Content starts

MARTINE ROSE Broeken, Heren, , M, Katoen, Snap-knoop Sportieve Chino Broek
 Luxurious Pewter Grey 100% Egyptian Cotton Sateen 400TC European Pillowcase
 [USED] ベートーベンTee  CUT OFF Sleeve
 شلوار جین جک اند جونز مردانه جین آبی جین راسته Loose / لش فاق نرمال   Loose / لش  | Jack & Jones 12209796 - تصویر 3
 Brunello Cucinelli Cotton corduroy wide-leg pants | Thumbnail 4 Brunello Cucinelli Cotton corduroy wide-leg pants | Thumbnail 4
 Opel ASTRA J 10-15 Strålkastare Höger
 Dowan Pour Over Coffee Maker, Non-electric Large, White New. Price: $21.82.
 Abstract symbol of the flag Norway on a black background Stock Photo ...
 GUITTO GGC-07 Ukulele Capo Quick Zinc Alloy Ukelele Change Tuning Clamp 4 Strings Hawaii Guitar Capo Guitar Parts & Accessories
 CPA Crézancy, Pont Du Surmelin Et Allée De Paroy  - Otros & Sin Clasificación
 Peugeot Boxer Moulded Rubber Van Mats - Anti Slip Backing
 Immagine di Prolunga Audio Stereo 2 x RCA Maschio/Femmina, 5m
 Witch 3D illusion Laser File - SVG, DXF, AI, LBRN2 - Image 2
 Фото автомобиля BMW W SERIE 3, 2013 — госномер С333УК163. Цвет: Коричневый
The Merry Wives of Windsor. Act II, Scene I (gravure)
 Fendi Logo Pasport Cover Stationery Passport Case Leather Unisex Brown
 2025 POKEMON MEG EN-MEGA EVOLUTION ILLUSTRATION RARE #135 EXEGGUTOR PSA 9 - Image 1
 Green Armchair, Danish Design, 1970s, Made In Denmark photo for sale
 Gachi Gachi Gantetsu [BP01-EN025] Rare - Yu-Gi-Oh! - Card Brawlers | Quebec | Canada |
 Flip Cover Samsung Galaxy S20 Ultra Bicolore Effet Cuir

Content ends

## Requirement
Which of the lines above hold the word "Image"? Copy each one.

## Your solution
 Witch 3D illusion Laser File - SVG, DXF, AI, LBRN2 - Image 2
 2025 POKEMON MEG EN-MEGA EVOLUTION ILLUSTRATION RARE #135 EXEGGUTOR PSA 9 - Image 1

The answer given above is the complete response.